4. Collaborate Across Departments
Every employee brings a unique skill set, perspective, and sphere of knowledge to their job. Due to this phenomena alone, you already have a diverse workforce that can help you solve problems very effectively. If your company is like most, you probably have very strong separation in place. What you need is an environment of free-flowing information between departments, groups, and business units.
To optimize innovation, you need to start sharing problems across normally disparate groups today. Try creating a “zone”. This would be a physical meeting place or virtual space like a message board where your employees from different areas can freely discuss and brainstorm around the business and technical problems they face. Encourage workers to earmark a small percentage of time every week for collaborating with others and helping them solve problems. You’ll find that by sharing these unique perspectives in one common “area,” innovation happens at a much faster pace than in organizational “silos”.
An interesting study found that when searching for a job, employees tend to gravitate towards companies whose products or services closely align with their own personal interests and knowledge. This even held true if that meant taking a position that is slightly out of scope for them. For example, you might have a purchasing manager that came to work for your aeronautics firm because of a personal interest in flying. That means you probably have people that could contribute to efforts in other areas (and most likely want to). In fact, about half of American workers say they feel they could help solve problems in departments other than their own. The just aren’t encouraged to do so.

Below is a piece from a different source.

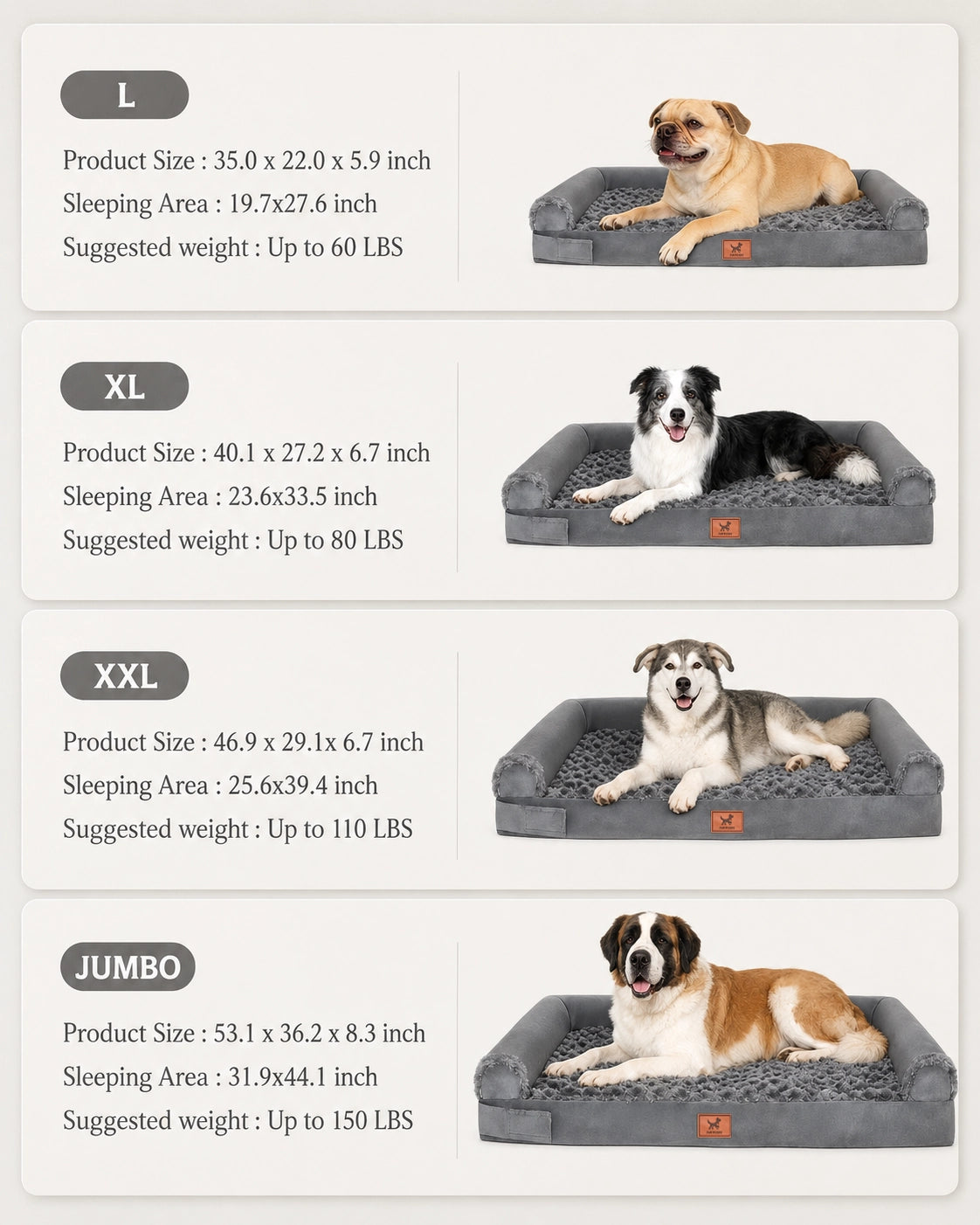 Orthopedic Dog Sofa Bed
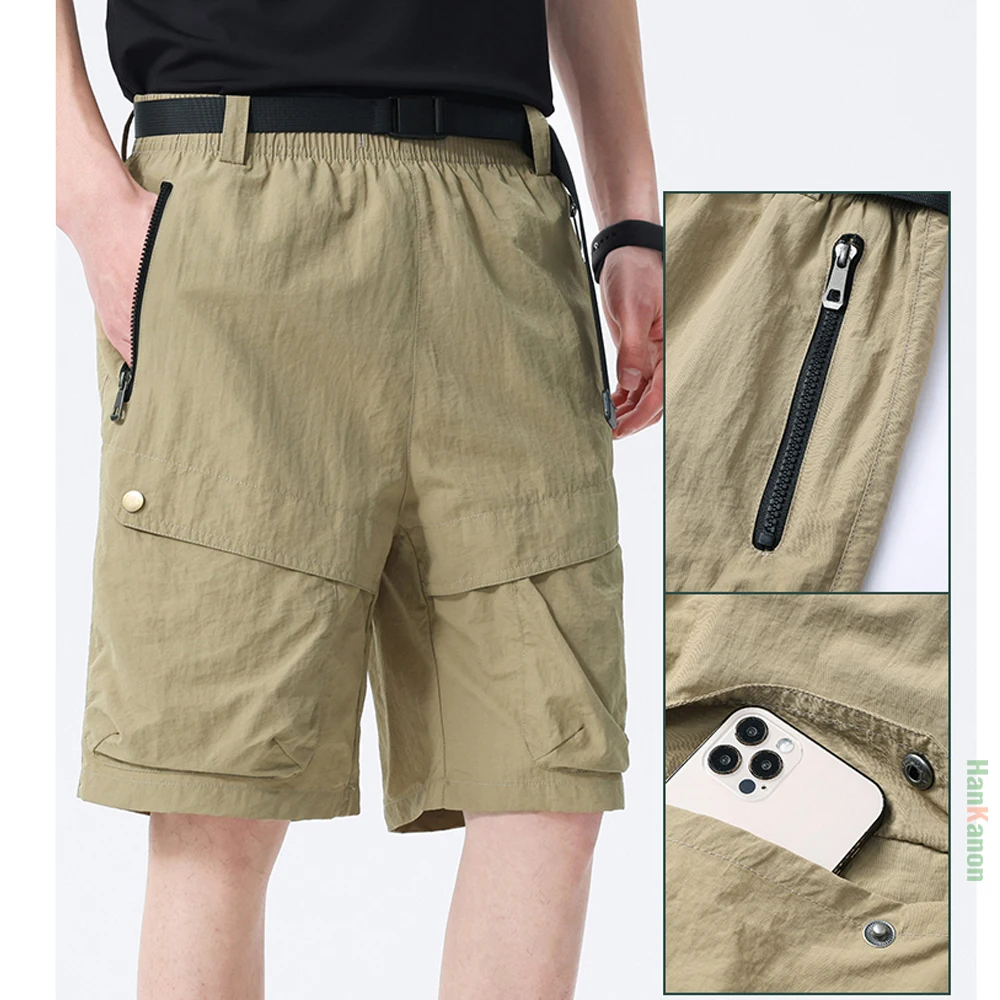 

Summer Essentials: Breathable, Quick-Dry & Lightweight Sports Shorts Zipper Pocket Shorts Men's Summer Shorts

An executive that we spoke with said that she always thinks about her employee’s strengths, personalities, and areas of interest when building a collaborative project team. She tries to avoid placing folks with a similar educational background or work experience together. This helps to avoid “skill-overload” in a particular area, with the team lacking perspective or expertise in another. This same wisdom can be applied to solving virtually every problem your company faces. If you want to get the most depth out of your workforce, then encourage collaboration throughout different groups and departments. As more problems get solved, and employees begin to feel less compartmentalized, innovation will increase substantially.
5. Institute a Projects Program Inclusive of Employees
At the majority of companies today, project implementation and R&D are typically closed-loop processes guarded by project managers, product developers, or improvement professionals. Have you ever considered opening up these processes just a bit? Assign a liaison from another area, whose subject matter expertise aligns with the objective. Make sure that you allow them to set aside the time on their schedule each week. They will need to attend development meetings, perform research, and provide deliverables.
Of course, it is essential to know something about your employees’ backgrounds, special interests, and subject matter expertise. Many companies don’t track this information well. However, since you’re now collecting a stream of ideas and input from employees (See #1), you can simply allow contributors whose ideas get implemented to stay involved as the project Champion.
These five techniques to make your employees more innovative may seem too easy and too good to be true. That’s because conceptually they are very simplistic, but they are also effective. The devil is always in the details. It takes some time and planning to institute a process that encourages innovation but you’ll reap the rewards tenfold .
You can begin to create a culture of innovation at the frontline level by listening to employees, recognizing and rewarding creative and innovative ideas, getting executives engaged in sponsoring challenges, allowing employees to collaborate cross-functionally, and in encouraging frontline participation in projects based on their ideas.